PROBLEM TO WORK ON:
The entries below contain pictures. Write out only the lines from the line with "Shower, hair dryer, towels, soap" up to and including the line with "Nurse is helping senior man to get up", exactly, without them.
RECORDED INFORMATION Block Start
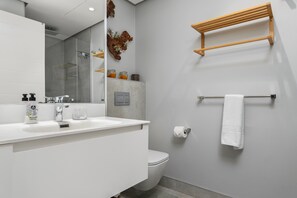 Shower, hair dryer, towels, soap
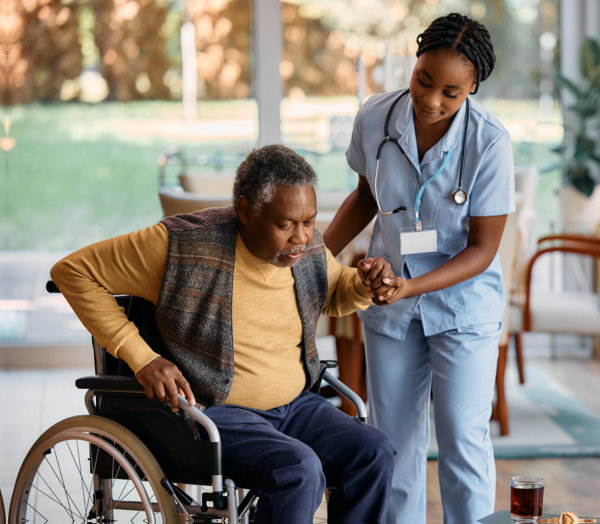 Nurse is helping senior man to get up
RECORDED INFORMATION Block End
RECORDED INFORMATION Block Start
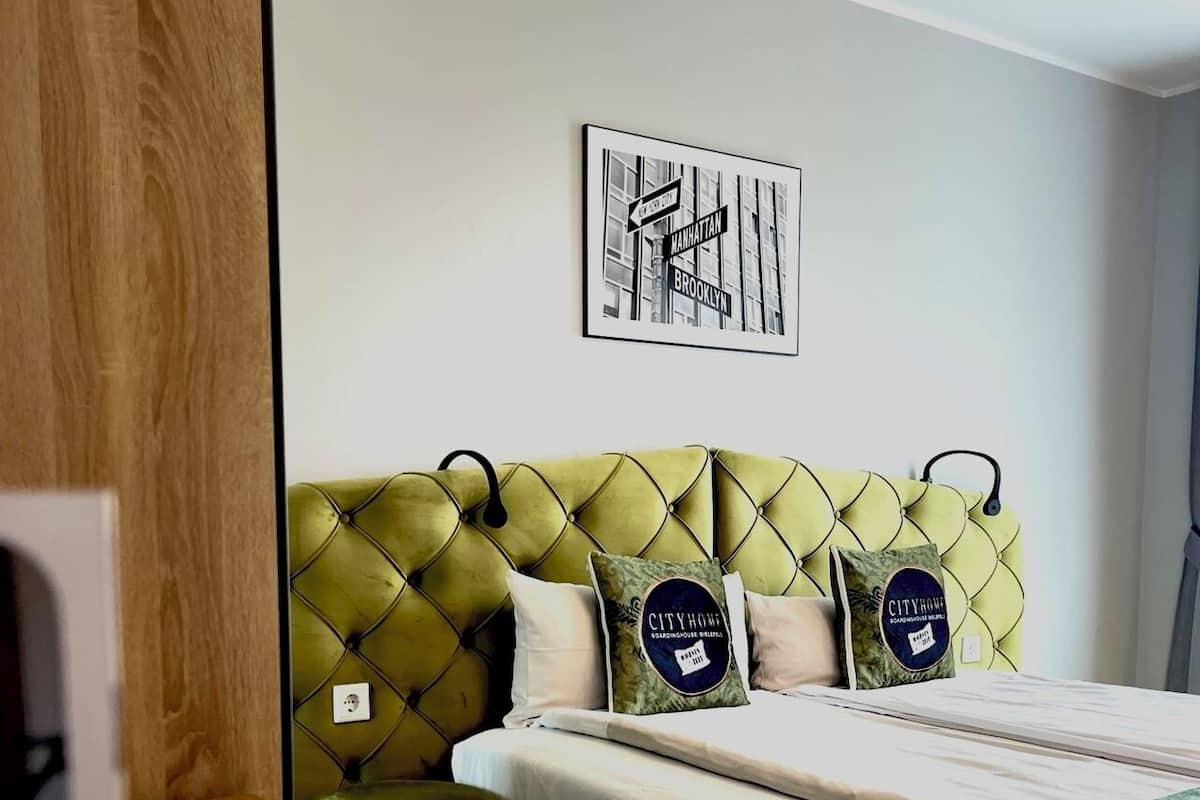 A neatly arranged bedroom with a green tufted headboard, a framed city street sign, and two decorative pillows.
RECORDED INFORMATION Block End
RECORDED INFORMATION Block Start
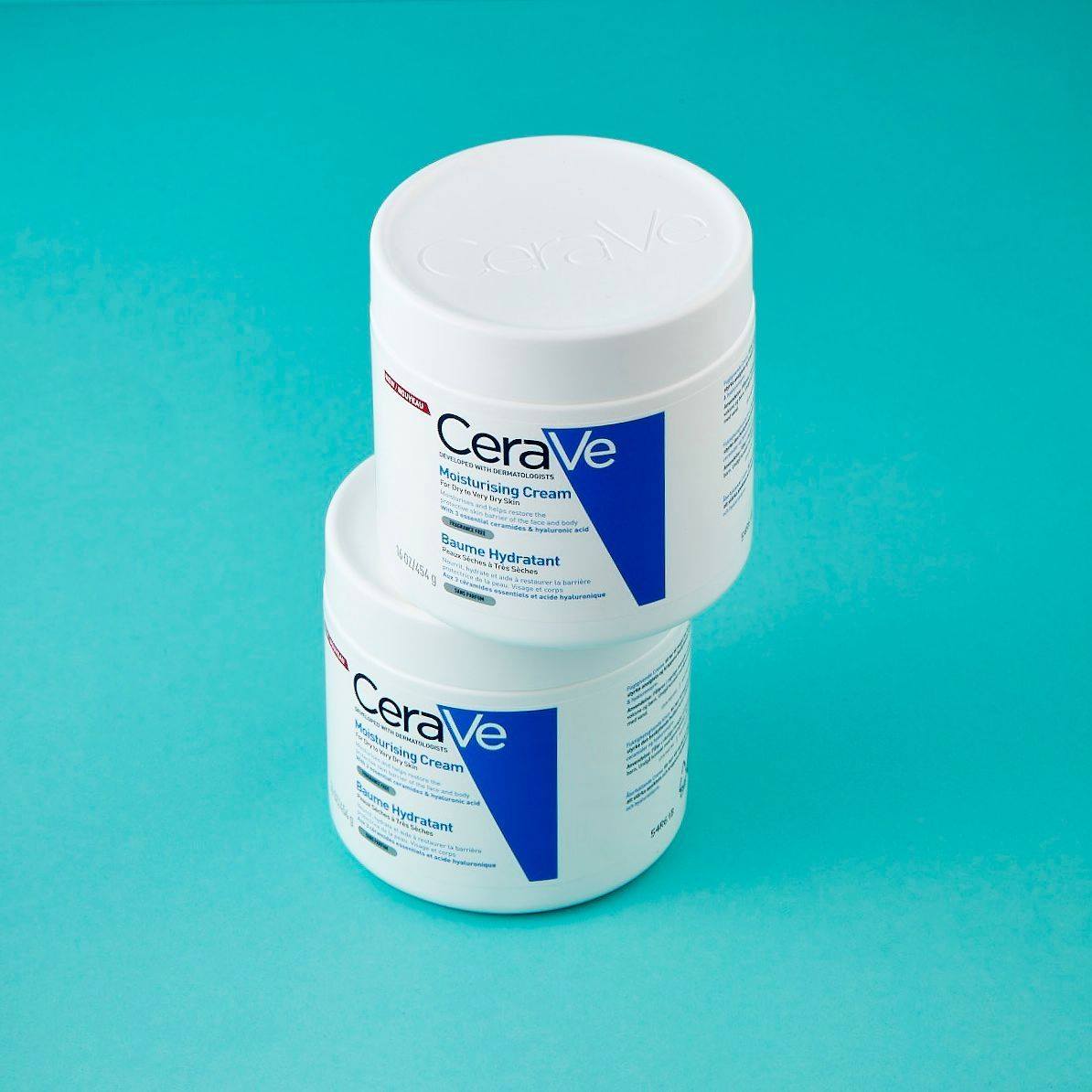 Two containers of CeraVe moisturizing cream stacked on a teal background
RECORDED INFORMATION Block End
EXERCISE ANSWER:
 Shower, hair dryer, towels, soap
 Nurse is helping senior man to get up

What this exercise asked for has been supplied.